Work instructions: The stretch wanted below opens at the line containing "POSTER Set Mit" and closes at the line containing "LENUO Usnjen ovitek". Please return it exactly, with no other lines.

Recorded information:
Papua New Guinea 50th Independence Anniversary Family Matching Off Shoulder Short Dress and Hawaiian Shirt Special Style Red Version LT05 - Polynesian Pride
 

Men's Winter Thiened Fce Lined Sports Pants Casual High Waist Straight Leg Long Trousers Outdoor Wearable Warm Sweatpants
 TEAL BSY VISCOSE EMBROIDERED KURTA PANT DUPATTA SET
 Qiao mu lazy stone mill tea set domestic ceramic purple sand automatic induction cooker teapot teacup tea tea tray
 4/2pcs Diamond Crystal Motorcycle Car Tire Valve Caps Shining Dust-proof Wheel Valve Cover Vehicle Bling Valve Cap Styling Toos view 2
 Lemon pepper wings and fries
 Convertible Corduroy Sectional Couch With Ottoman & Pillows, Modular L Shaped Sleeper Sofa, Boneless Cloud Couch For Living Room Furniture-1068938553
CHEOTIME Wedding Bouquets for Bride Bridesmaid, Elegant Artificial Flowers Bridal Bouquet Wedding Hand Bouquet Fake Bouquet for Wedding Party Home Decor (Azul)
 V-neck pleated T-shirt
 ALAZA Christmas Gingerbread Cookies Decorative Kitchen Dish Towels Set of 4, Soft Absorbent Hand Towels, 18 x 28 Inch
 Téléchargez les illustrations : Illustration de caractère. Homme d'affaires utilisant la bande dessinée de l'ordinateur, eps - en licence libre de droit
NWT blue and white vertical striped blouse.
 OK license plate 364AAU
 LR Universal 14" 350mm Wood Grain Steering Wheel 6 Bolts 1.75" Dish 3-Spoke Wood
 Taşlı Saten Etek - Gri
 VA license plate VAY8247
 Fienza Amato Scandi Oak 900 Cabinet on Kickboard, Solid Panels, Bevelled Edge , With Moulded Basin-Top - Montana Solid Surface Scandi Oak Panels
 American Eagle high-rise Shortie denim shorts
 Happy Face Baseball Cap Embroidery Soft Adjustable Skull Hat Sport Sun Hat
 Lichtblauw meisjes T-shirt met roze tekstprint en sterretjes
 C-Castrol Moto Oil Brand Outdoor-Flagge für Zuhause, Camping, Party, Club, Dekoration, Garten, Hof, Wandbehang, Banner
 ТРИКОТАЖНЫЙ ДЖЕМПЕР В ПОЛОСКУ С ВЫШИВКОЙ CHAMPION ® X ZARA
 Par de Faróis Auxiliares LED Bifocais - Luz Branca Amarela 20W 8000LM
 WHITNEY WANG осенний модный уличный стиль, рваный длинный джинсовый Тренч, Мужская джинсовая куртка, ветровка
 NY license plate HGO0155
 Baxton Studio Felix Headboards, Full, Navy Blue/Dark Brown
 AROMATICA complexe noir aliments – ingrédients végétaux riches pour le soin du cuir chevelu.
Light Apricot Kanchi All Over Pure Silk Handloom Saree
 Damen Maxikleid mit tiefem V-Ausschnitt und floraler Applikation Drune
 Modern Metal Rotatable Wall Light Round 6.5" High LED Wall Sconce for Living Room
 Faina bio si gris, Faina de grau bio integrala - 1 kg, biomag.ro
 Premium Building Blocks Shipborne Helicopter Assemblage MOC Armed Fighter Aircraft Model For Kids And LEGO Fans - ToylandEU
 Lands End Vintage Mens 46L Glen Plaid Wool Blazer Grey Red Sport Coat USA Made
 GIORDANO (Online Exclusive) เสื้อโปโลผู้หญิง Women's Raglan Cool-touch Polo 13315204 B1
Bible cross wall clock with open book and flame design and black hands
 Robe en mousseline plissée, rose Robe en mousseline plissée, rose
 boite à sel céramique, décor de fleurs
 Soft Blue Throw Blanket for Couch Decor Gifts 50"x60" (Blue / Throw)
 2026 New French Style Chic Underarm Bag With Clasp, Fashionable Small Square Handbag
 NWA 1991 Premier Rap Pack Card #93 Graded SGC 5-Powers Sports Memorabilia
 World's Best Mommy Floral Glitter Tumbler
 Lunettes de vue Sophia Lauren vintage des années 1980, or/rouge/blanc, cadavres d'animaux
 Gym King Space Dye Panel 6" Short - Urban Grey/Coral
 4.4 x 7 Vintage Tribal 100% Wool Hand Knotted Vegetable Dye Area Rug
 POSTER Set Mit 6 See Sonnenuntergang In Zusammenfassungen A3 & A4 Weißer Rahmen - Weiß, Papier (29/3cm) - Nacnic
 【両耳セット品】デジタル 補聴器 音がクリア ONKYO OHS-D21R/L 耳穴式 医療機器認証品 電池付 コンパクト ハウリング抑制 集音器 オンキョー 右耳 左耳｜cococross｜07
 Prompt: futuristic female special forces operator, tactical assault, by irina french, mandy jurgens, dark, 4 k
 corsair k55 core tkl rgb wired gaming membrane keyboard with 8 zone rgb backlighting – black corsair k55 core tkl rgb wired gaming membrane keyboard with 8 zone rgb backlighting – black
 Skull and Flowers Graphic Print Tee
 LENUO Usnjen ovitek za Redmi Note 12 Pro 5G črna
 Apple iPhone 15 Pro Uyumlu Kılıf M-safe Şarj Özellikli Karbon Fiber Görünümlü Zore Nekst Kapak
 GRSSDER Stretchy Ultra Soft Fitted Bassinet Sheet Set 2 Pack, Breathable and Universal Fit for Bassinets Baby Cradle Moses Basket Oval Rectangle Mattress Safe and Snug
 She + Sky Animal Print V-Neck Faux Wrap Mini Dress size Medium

Completed exercise:
 POSTER Set Mit 6 See Sonnenuntergang In Zusammenfassungen A3 & A4 Weißer Rahmen - Weiß, Papier (29/3cm) - Nacnic
 【両耳セット品】デジタル 補聴器 音がクリア ONKYO OHS-D21R/L 耳穴式 医療機器認証品 電池付 コンパクト ハウリング抑制 集音器 オンキョー 右耳 左耳｜cococross｜07
 Prompt: futuristic female special forces operator, tactical assault, by irina french, mandy jurgens, dark, 4 k
 corsair k55 core tkl rgb wired gaming membrane keyboard with 8 zone rgb backlighting – black corsair k55 core tkl rgb wired gaming membrane keyboard with 8 zone rgb backlighting – black
 Skull and Flowers Graphic Print Tee
 LENUO Usnjen ovitek za Redmi Note 12 Pro 5G črna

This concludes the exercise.